Just thought you guys might find this interesting. I spoke to Paul at Mazmart about the Renesis for a bit and discussed some things that I'd like to see done with the engine. Rick Engman has been playing with a couple of Renesis engines lately and has stumbled across some interesting info about the motor. I'm sure when Paul sees this he'll elaborate further.

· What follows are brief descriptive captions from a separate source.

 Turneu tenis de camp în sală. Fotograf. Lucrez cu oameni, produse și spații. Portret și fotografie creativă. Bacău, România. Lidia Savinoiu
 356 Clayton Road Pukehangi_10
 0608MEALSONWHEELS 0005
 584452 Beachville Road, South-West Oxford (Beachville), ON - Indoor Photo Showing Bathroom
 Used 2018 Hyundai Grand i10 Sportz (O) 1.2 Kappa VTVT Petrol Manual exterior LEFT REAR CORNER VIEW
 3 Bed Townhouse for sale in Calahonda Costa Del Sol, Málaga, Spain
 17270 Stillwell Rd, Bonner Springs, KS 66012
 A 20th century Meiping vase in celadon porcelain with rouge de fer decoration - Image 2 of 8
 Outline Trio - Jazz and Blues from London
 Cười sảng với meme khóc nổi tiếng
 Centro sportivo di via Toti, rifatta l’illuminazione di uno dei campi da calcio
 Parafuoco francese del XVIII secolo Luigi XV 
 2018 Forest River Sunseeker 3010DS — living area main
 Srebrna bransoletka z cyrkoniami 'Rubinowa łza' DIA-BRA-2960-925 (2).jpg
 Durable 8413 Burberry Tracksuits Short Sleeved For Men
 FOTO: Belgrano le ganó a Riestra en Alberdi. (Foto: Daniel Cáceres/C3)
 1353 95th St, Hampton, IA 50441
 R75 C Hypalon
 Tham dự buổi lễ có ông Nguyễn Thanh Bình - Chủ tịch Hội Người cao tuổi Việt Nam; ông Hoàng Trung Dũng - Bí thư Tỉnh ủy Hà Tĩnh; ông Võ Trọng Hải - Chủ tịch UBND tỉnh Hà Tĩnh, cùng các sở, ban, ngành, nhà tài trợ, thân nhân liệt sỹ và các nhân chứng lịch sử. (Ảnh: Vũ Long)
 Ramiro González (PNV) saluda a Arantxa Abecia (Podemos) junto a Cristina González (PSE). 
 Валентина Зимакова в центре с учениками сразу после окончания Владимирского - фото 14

Rick has an apparent issue with the design of the cutoff seal in the Renesis. First off he has found alot of carbon inside the Renesis as compared to the older rotaries which isn't anything new. As many here have assumed for a while, he thinks the excessive side seal clearance is to help aid with the removal of carbon from the side seal area. The interesting thing though is what he thinks of that cutoff seal. It is designed with basically the same flat profile as the oil control rings. Rick has found that this design can actually let some of the carbon that gets scraped off go under and past the cutof seal. He has even found carbon that went past the oil control rings. His initial discovery of this was when he removed a Renesis oil pan and found carbon buildup in the bottom of the pan! This alone should emphasize the importance of regular oil AND filter changes. It's unlikely your oil will have broken down. Change it to get all the crap out of it.

From what I got out of Paul, there is no way around the carbon issue as long as the engine is running as rich as it is with Mazda's tuning. One way to really get rid of this carbon issue is to run 2 stroke oil premixed in the gas. This assumes of course that you are no longer using the factory oil metering system. I propose that we modify a stock oil metering pump to accept oil from an outside reservoir rather than from the engine. I actually performed this mod on my RX-7 and use an external oil metering tank with 2 stroke. Obviously most don't want to do this but it's the best idea I can think of.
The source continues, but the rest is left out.